[REQUIRED ACTION]: Below are the entries; transcribe them exactly and drop every picture.

═══ EXTRACTED ENTRIES

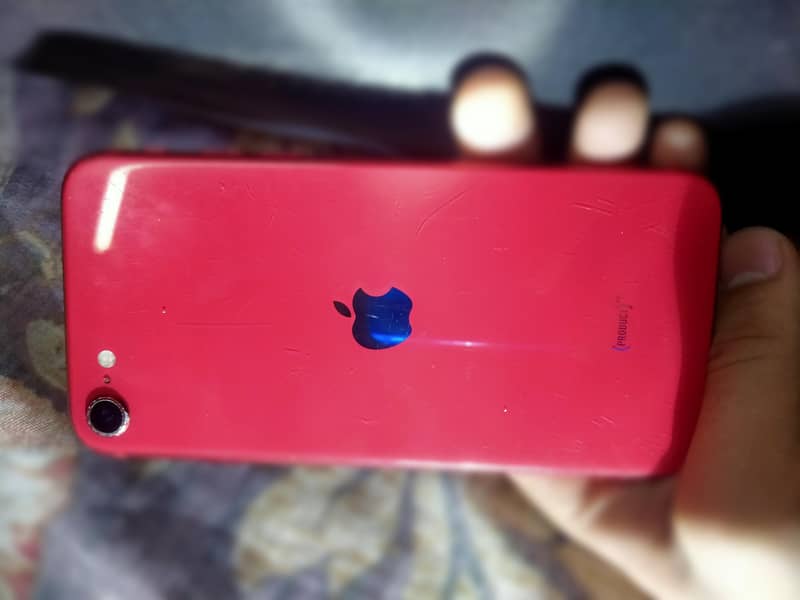 Apple iPhone SE 1
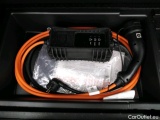  Citroen  C5 Aircross CITROEN  / 2022 / 5P / SUV Hybride rechargeable 225 e-EAT8 Feel #12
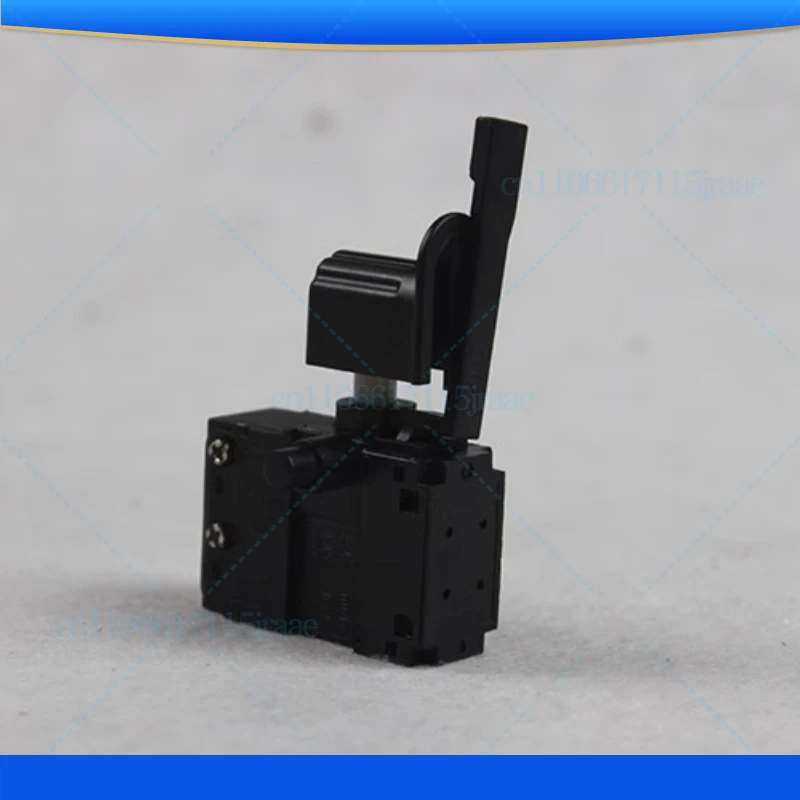 

3 шт. для Dongcheng FF02-6A электронный переключатель управления скоростью, модификация ручной дрели Hitachi D6SH, бесступенчатый переключатель переключения скорости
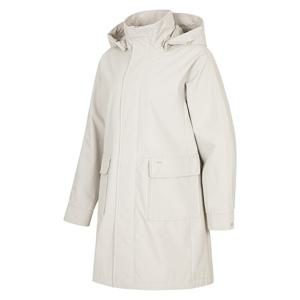 [밀레]밀레 아웃도어 여성 가을 방풍 자켓_MLUFJ602LB_IC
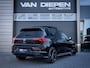 Volkswagen Golf 1.4 eHybrid GTE - IQ l Pano l Leder l HUD l Stoelkoeling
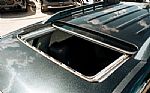 2015 Equinox LT 2LT Thumbnail 87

══════

[EXERCISE RESULT]:
 Apple iPhone SE 1
  Citroen  C5 Aircross CITROEN  / 2022 / 5P / SUV Hybride rechargeable 225 e-EAT8 Feel #12

3 шт. для Dongcheng FF02-6A электронный переключатель управления скоростью, модификация ручной дрели Hitachi D6SH, бесступенчатый переключатель переключения скорости
 [밀레]밀레 아웃도어 여성 가을 방풍 자켓_MLUFJ602LB_IC
 Volkswagen Golf 1.4 eHybrid GTE - IQ l Pano l Leder l HUD l Stoelkoeling
 2015 Equinox LT 2LT Thumbnail 87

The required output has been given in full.